Running a hot economy could boost global commodity demand, markets

By Dr. Bobby Coats, Division of Agriculture, University of Arkansas System

Market Price Considerations for the Week Beginning Oct. 31, 2016:

Market Anxiety

For the week beginning Oct. 31, 2016, protecting ones’ market positions is paramount for an array of reasons. Two key reasons follow:

  • The U.S. Federal Reserve’s Open Market Committee (FOMC) meeting Tuesday and Wednesday (Nov. 1 and 2) will set the U.S. monetary policy tone for the remainder of the calendar year and into next year. Reading between lines, their verbal guidance will also be highly suggestive of expectations from their global counterparts.
    • Bond Yields Ever-So Slow Rise: No one is really anticipating a rate hike at this meeting, but ongoing global government and Central Bank intervention to address the economic paralyses of chronic global deflationary forces have many global bond yields ever-so very slowly rising. Globally, a slightly stronger economic pulse is evident, due to ongoing global intervention activities, which is no small accomplishment, given the recessionary tendencies of the aggregate global economic setting.
    • Rate Hike Dec. 13-14 FOMC Meeting: Fed verbal guidance have market participants anticipating a rate hike at their December meeting. Very simplistically, one can look at the U.S. and global economy intervention activities one of two ways:
      • First, a continuation of status-quo government and Central Bank intervention likely yields a U.S. economy that slips into a recession sooner rather than later and a global economy that continues to erode its economic activity with the results being building protectionism, chronic slow global growth at the very best and anemic demand for commodities.
      • Second, instead of status-quo, which yields dangerous global economic paralysis, building global populists movements, political uncertainty, military friction or worse, etc. look for continued building simulative activities coming from governments globally that are highly orchestrated with aggressive monetary policy at a level that builds on current policies, which are stabilizing the global economy; with a potentially growing demand for commodities.              
  • Nov. 8, 2016, U.S. Presidential and Congressional elections have market participants scrambling to define their risk exposure and limit their potential loses. At one end of the risk management spectrum some market participants may close positions and at the other end of the spectrum others will simply have an elevated level of risk protection.
    • Whatever the outcome of the elections the fiscal policy challenge will be to provide the U.S. economy with aggressive levels of stimulus sufficient to allow the U.S. to avoid a 2017 recession and provide global fiscal policy leadership sufficient to elevate global economic activity to an inflationary level required to produce real growth and commodity demand.
    • Stimulative fiscal policy activities would be dependent on Presidential and Congressional leadership, but may include infrastructure, a direct check to taxpayers, military preparedness given building global military friction, research to give U.S. businesses a global technological advantage, etc.   

Running a Hot Economy

Yellen Cites Benefits to Running Economy Hot for Some Time

Fed leader also warns that holding an accommodative stance for too long could have costs

By Jon Hilsenrath and David Harrison, Updated Oct. 14, 2016 WSJ

“Federal Reserve Chairwoman Janet Yellen offered an argument for running the U.S. economy hot for a period to ensure moribund growth doesn’t become an entrenched feature of the business landscape.

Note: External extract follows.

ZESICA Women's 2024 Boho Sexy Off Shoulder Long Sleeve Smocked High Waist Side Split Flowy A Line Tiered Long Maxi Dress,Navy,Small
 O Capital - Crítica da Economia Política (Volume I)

That would mean letting unemployment fall lower and spurring faster growth to boost consumer spending and business investment.

This could encourage businesses to spend more on new equipment that would have lasting benefits for the economy and encourage future growth, she said. A fast-growing economy and low unemployment also could encourage individuals who have stopped looking for work to start looking again, expanding the labor force and national income.

Moreover, running the economy hot could encourage higher levels of research and development and increase incentives for new business formation.”

Continuing – “Still, her speech at a conference held by the Federal Reserve Bank of Boston offered a window into her mind-set and how policy might evolve in the months ahead. She effectively expressed sympathy for the idea of keeping short-term interest rates low to let the economy gather steam and reverse some of the long-run debilitating effects of the slow recovery, such as low labor-force participation and business investment. That implied very gradual rate increases in the months ahead.

Economic theory holds that weak demand can become a self-perpetuating problem for an economy. When businesses don’t invest and consumers don’t spend, it drives down the productive capacity of the economy and the pool of available labor, begetting still-slower growth. The idea is called hysteresis in economic circles. Weak demand begets weak supply, something Ms. Yellen said—with some careful hedges—might be reversed if demand is boosted.

“If we assume that hysteresis is in fact present to some degree after deep recessions, the natural next question is to ask whether it might be possible to reverse these adverse supply-side effects by temporarily running a ‘high-pressure economy,’ with robust aggregate demand and a tight labor market,” Ms. Yellen said. “One can certainly identify plausible ways in which this might occur.”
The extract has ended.